Bounding past the choice of not breaking
with the past and settling for the classic Vancian spellcasting as my major
design constraint, I wish to lay out the system’s constituent elements. The
following will touch on both fluff and crunch but the whole of it ought to be of use in
defining a caster’s place in the setting, on what amounts to a series of branching
paths, flowing down from the power’s source and taking final shape in one of
the established caster traditions.
Considering the Source – the Divine, the Primordial and the
Arcane
First to be considered must be
the prime movers of magic, emanating from three archetypical sources of power:
Divine magic emanates from full-fledged Deities, who by dint of
whim, interest or passion have cast their lot with mankind’s fate, sometimes being
outright entwined with it. Contained herein are the very forces that shape the wheeling ways of the
world and that enforce everything that will ever matter, from the eternal turn
of the seasons to the cycles of life and death.

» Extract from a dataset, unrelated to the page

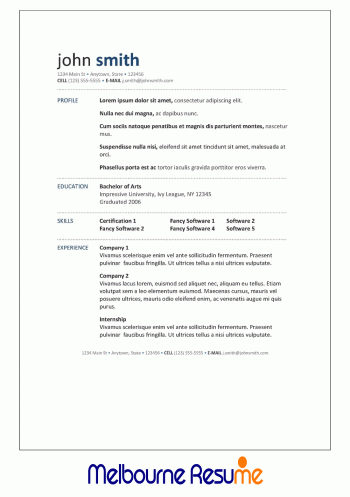 professional resume and cover letter writing service degree resume melbourne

Primordial energies flow from a removed “thou”, that despite possibly commanding sufficient
power to integrate a pantheon and suscitate structured worship simply
transcends the concept entirely, either by definition or by being antithetical
to humankind. Entities like Demons, Titans, Nature Spirits or even transplanar
Others. Untinged by civilization, impervious to human understanding, unfettered
by moral considerations and utterly indifferent to the shallow trials of
mortality. These profane energies fuel those aligned, knowingly or
otherwise, with entities wholly given to entropy, chaos or the aloof indifference of nature.

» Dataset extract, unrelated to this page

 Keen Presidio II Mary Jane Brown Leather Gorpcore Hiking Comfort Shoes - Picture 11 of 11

Arcane power is extracted from the unbounded potential within the
self, the barriers that contain it broken down through whichever accidental combination
of fortune and entropic trauma. It is at once the most crude by origin and sophisticated by design, the most tightly reined and
the most spectacular. Its existence by itself testimony of a profoundly
upsetting shift of a world’s inherent balance, as it embodies the usurpation by
mankind of the wherewithal of greater powers.
Channeling the Source
Beyond the three mystical
wellsprings, there is an overlying duality explaining the mediation of access
to each of them: a divide of methodologies, the first based on
revelation, humility and submission to higher power, the other on discovery,
appropriation and solipsist hubris, such are the differences between Conduits
and Shapers.
Conduit
Power.
A Conduit has it but it is borrowed. And the borrowing’s the thing.

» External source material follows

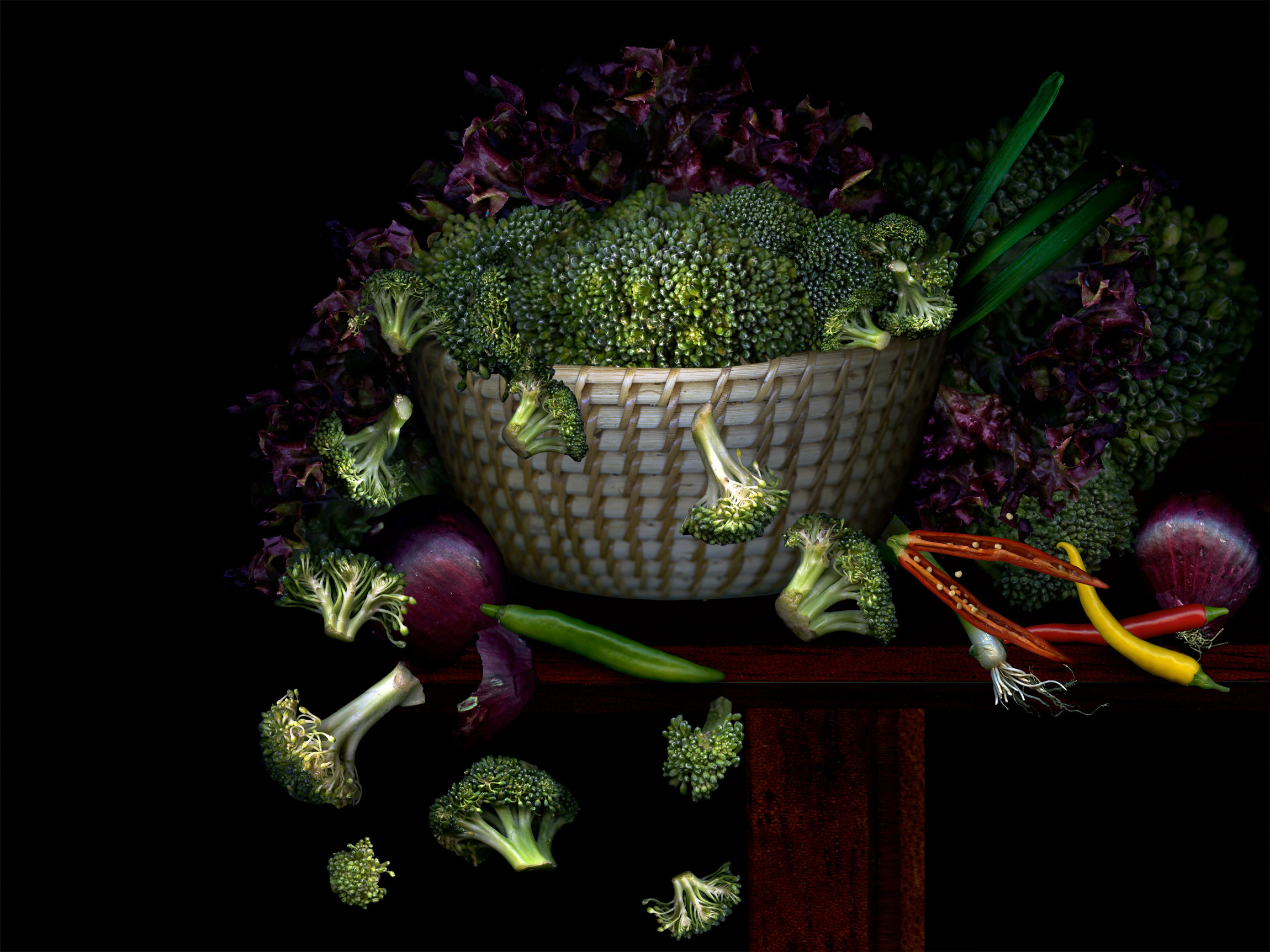Zoltan Gerliczki, photography color,  still life, vegetables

Drawn by calling, feverish search
or inscrutable whimsy, a character can become conversant with the supernal. For some, even this summit may be scaled past as one sees oneself fall into an entity’s unknowable good graces, becoming chosen as a recipient to its power, a
mouthpiece to its glory and made to ingress upon the great cosmic chessboard.
The benefit of interpreting the second-hand
dreams of an invisible metaphysical superfigment and passing them onto edict,
lending the thing its reality and hoping it doesn’t forfeit yours comes at a price. Settled along monomania’s inner border, the patron becomes a palpable
and undeniable part of the character’s worldview, if not his sole reason for
living, whatever use reserved for its surrogated energies loud and unabashedly
proclaimed as furtherance of its cause. A bargain deal, if ever one.
Shaper
The direct harnessing of
magical energy, with no demiurgic mediation, is the state of orphaned
self-sufficiency that defines a Shaper.
In a world where magic actually
exists, the crucible of mortal obsessions and fickle godly disputes ere long
guided the next step past the stealing of fire and deposited into the questing
hands of mystical pragmatists the means to tamper with the province of greater
powers, caressing the elements, warping reality and ruffling the feathers of
fate, all at the tip of the digits and at the behest of one’s usurping pride.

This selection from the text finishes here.